## Work item
Please transcribe the entries below without changing a single character.

[Records shown]

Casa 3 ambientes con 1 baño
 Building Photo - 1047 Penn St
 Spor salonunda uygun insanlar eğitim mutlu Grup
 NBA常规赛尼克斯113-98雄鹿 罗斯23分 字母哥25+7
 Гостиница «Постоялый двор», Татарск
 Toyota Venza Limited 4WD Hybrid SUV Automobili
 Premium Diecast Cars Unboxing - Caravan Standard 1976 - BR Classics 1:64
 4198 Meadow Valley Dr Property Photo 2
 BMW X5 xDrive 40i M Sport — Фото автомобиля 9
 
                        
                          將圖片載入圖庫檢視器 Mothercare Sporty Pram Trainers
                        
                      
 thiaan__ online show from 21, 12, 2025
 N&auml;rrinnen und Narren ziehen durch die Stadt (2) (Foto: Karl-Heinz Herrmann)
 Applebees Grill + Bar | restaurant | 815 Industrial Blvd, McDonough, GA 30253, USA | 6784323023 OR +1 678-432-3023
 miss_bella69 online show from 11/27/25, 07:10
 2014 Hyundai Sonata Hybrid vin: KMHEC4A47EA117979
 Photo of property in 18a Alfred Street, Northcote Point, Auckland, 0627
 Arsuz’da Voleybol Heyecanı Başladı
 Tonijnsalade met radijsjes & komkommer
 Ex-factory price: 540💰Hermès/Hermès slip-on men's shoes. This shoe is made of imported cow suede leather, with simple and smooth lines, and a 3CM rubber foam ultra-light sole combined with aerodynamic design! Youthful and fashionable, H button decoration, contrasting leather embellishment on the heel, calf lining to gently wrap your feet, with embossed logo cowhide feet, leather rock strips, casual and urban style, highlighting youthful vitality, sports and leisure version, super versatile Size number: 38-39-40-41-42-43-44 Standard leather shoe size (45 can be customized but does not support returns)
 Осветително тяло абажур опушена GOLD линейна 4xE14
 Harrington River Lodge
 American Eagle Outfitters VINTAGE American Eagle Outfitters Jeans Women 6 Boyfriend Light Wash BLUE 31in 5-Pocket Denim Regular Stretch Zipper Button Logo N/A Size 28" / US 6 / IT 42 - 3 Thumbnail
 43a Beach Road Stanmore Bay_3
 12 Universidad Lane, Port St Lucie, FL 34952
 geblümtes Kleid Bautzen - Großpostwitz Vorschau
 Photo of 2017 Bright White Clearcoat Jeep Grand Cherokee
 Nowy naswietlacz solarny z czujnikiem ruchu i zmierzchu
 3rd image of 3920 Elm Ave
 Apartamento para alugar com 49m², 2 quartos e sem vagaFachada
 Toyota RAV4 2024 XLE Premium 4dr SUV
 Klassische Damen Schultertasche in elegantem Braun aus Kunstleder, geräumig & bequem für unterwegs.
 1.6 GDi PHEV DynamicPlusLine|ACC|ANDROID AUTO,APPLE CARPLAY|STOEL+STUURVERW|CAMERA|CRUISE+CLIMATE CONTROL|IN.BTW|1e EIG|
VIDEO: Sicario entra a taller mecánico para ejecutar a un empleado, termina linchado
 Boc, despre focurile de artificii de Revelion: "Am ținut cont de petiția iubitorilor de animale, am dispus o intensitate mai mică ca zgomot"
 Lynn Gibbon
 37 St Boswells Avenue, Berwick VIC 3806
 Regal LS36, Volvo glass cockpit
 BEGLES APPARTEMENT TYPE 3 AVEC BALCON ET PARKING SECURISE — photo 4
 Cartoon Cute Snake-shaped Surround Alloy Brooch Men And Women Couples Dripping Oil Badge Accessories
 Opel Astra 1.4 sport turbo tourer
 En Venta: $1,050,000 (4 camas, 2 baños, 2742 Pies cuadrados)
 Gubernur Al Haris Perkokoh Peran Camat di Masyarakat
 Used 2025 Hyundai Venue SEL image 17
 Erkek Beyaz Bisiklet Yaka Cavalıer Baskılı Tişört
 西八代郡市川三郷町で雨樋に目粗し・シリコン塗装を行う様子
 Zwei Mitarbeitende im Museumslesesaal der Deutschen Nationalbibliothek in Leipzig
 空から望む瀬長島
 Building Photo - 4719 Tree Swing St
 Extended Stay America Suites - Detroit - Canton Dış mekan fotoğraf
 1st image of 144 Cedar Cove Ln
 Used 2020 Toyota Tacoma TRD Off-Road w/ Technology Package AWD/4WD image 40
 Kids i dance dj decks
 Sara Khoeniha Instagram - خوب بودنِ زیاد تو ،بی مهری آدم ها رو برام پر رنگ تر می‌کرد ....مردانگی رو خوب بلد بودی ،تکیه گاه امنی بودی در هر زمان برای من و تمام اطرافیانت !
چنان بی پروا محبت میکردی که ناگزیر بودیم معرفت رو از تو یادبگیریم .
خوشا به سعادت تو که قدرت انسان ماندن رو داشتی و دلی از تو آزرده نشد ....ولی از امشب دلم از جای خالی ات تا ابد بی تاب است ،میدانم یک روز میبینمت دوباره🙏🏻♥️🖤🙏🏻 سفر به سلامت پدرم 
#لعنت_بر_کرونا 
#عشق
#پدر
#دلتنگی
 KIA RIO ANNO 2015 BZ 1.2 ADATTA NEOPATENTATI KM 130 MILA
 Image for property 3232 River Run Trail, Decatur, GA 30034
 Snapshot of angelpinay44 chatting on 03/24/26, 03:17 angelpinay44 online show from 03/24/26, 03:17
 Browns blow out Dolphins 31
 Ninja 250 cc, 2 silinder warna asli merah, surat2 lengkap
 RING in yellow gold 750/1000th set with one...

[/Records shown]

## Solved problem
Casa 3 ambientes con 1 baño
 Building Photo - 1047 Penn St
 Spor salonunda uygun insanlar eğitim mutlu Grup
 NBA常规赛尼克斯113-98雄鹿 罗斯23分 字母哥25+7
 Гостиница «Постоялый двор», Татарск
 Toyota Venza Limited 4WD Hybrid SUV Automobili
 Premium Diecast Cars Unboxing - Caravan Standard 1976 - BR Classics 1:64
 4198 Meadow Valley Dr Property Photo 2
 BMW X5 xDrive 40i M Sport — Фото автомобиля 9
 
                        
                          將圖片載入圖庫檢視器 Mothercare Sporty Pram Trainers
                        
                      
 thiaan__ online show from 21, 12, 2025
 N&auml;rrinnen und Narren ziehen durch die Stadt (2) (Foto: Karl-Heinz Herrmann)
 Applebees Grill + Bar | restaurant | 815 Industrial Blvd, McDonough, GA 30253, USA | 6784323023 OR +1 678-432-3023
 miss_bella69 online show from 11/27/25, 07:10
 2014 Hyundai Sonata Hybrid vin: KMHEC4A47EA117979
 Photo of property in 18a Alfred Street, Northcote Point, Auckland, 0627
 Arsuz’da Voleybol Heyecanı Başladı
 Tonijnsalade met radijsjes & komkommer
 Ex-factory price: 540💰Hermès/Hermès slip-on men's shoes. This shoe is made of imported cow suede leather, with simple and smooth lines, and a 3CM rubber foam ultra-light sole combined with aerodynamic design! Youthful and fashionable, H button decoration, contrasting leather embellishment on the heel, calf lining to gently wrap your feet, with embossed logo cowhide feet, leather rock strips, casual and urban style, highlighting youthful vitality, sports and leisure version, super versatile Size number: 38-39-40-41-42-43-44 Standard leather shoe size (45 can be customized but does not support returns)
 Осветително тяло абажур опушена GOLD линейна 4xE14
 Harrington River Lodge
 American Eagle Outfitters VINTAGE American Eagle Outfitters Jeans Women 6 Boyfriend Light Wash BLUE 31in 5-Pocket Denim Regular Stretch Zipper Button Logo N/A Size 28" / US 6 / IT 42 - 3 Thumbnail
 43a Beach Road Stanmore Bay_3
 12 Universidad Lane, Port St Lucie, FL 34952
 geblümtes Kleid Bautzen - Großpostwitz Vorschau
 Photo of 2017 Bright White Clearcoat Jeep Grand Cherokee
 Nowy naswietlacz solarny z czujnikiem ruchu i zmierzchu
 3rd image of 3920 Elm Ave
 Apartamento para alugar com 49m², 2 quartos e sem vagaFachada
 Toyota RAV4 2024 XLE Premium 4dr SUV
 Klassische Damen Schultertasche in elegantem Braun aus Kunstleder, geräumig & bequem für unterwegs.
 1.6 GDi PHEV DynamicPlusLine|ACC|ANDROID AUTO,APPLE CARPLAY|STOEL+STUURVERW|CAMERA|CRUISE+CLIMATE CONTROL|IN.BTW|1e EIG|
VIDEO: Sicario entra a taller mecánico para ejecutar a un empleado, termina linchado
 Boc, despre focurile de artificii de Revelion: "Am ținut cont de petiția iubitorilor de animale, am dispus o intensitate mai mică ca zgomot"
 Lynn Gibbon
 37 St Boswells Avenue, Berwick VIC 3806
 Regal LS36, Volvo glass cockpit
 BEGLES APPARTEMENT TYPE 3 AVEC BALCON ET PARKING SECURISE — photo 4
 Cartoon Cute Snake-shaped Surround Alloy Brooch Men And Women Couples Dripping Oil Badge Accessories
 Opel Astra 1.4 sport turbo tourer
 En Venta: $1,050,000 (4 camas, 2 baños, 2742 Pies cuadrados)
 Gubernur Al Haris Perkokoh Peran Camat di Masyarakat
 Used 2025 Hyundai Venue SEL image 17
 Erkek Beyaz Bisiklet Yaka Cavalıer Baskılı Tişört
 西八代郡市川三郷町で雨樋に目粗し・シリコン塗装を行う様子
 Zwei Mitarbeitende im Museumslesesaal der Deutschen Nationalbibliothek in Leipzig
 空から望む瀬長島
 Building Photo - 4719 Tree Swing St
 Extended Stay America Suites - Detroit - Canton Dış mekan fotoğraf
 1st image of 144 Cedar Cove Ln
 Used 2020 Toyota Tacoma TRD Off-Road w/ Technology Package AWD/4WD image 40
 Kids i dance dj decks
 Sara Khoeniha Instagram - خوب بودنِ زیاد تو ،بی مهری آدم ها رو برام پر رنگ تر می‌کرد ....مردانگی رو خوب بلد بودی ،تکیه گاه امنی بودی در هر زمان برای من و تمام اطرافیانت !
چنان بی پروا محبت میکردی که ناگزیر بودیم معرفت رو از تو یادبگیریم .
خوشا به سعادت تو که قدرت انسان ماندن رو داشتی و دلی از تو آزرده نشد ....ولی از امشب دلم از جای خالی ات تا ابد بی تاب است ،میدانم یک روز میبینمت دوباره🙏🏻♥️🖤🙏🏻 سفر به سلامت پدرم 
#لعنت_بر_کرونا 
#عشق
#پدر
#دلتنگی
 KIA RIO ANNO 2015 BZ 1.2 ADATTA NEOPATENTATI KM 130 MILA
 Image for property 3232 River Run Trail, Decatur, GA 30034
 Snapshot of angelpinay44 chatting on 03/24/26, 03:17 angelpinay44 online show from 03/24/26, 03:17
 Browns blow out Dolphins 31
 Ninja 250 cc, 2 silinder warna asli merah, surat2 lengkap
 RING in yellow gold 750/1000th set with one...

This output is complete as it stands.